### [What you should do]
Print nothing except the lines of the listing below from the line with "Image of Expecting" to the line with "绚烂粉色樱花海png免抠素材_新图网 https://ixintu.com 樱花", each exactly as written, both ends included.

== Task input

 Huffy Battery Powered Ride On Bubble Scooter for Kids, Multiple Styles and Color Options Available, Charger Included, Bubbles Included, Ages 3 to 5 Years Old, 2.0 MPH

====
== Task input

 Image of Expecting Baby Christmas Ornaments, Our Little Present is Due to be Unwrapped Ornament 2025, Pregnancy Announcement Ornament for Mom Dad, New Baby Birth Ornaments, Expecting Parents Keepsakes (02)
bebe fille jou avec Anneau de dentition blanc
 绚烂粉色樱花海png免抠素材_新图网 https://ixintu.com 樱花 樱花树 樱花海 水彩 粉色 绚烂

====

### [Response to this task]
 Image of Expecting Baby Christmas Ornaments, Our Little Present is Due to be Unwrapped Ornament 2025, Pregnancy Announcement Ornament for Mom Dad, New Baby Birth Ornaments, Expecting Parents Keepsakes (02)
bebe fille jou avec Anneau de dentition blanc
 绚烂粉色樱花海png免抠素材_新图网 https://ixintu.com 樱花 樱花树 樱花海 水彩 粉色 绚烂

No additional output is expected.